Grade Level: Primary School, Middle School, and High School
Math Investigation Type: Shape & Space


Some routine problems dealing with area and perimeter evoke unexpected responses. What to measure, how to measure it, and how to anticipate variations in area and perimeter are often difficult. “If we measure the area of rectangles by dividing them into squares, then what shape should we use to measure area for triangles?” Not such a bad question: Why don’t we use “triangular units” to measure triangular areas?

Part 1

A 3 x 5 index card has an area of 15 square units. You can see that the shape of this card is rectangular. If you want to create a square card with exactly the same area, 15 square units, the dimensions of the side will change. What this means is that the card has the same area as a square that also has 15 square units.
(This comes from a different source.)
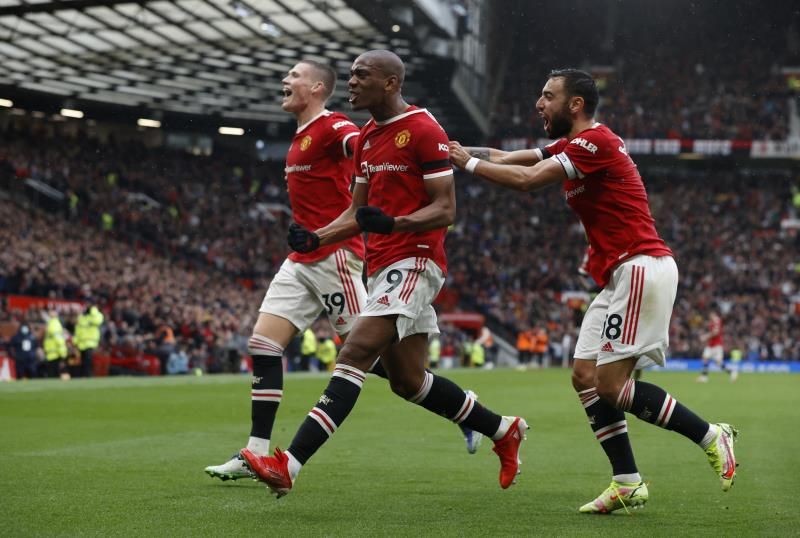 فرحة لاعبي يونايتد بالهدف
It should be possible to cut up the 3 x 5 card into (several) pieces in such a way that these pieces can be put together to form a square card.

There are two problems now:

  1. How do you construct a square whose sides are the square root of 15, given only a 3 x 5 card?
  • The card allows you to measure 3 units and 5 units easily. Put two cards together and 2 units can be measured off quite easily. But how do you measure the square root of 15 units?
  • More generally, how do you measure the square root of (x) units, where x can be anything?
  1. Still more generally, what numbers can be ‘constructed’? For instance, can you draw a line that is pi units long? Or a cube root? Now that you    have made the square, how do you cut up the 3 x 5 card so that the pieces can be re-assembled to make the square? What are the minimum number of cuts that you need to make?

Part 2

  1. Now what if the card isn’t 3 x 5, but some other dimensions. Like 7 x 9. Then how do you cut up the card so that the pieces form a square?
  2. What’s the general recipe for cutting up a rectangle to create a square?

Part 3

  1. What is the recipe for cutting up a triangle to make a square?
  2. Create two squares S1 and S2. How do you cut up S1 and S2 to make a square whose area is the sum of the original areas? What does this have to do with the Theorem of Pythagoras?

Part 4

  1. Now the big problem…take a convex polygon, how do you cut up the polygon so that when you put the pieces back together you get a square?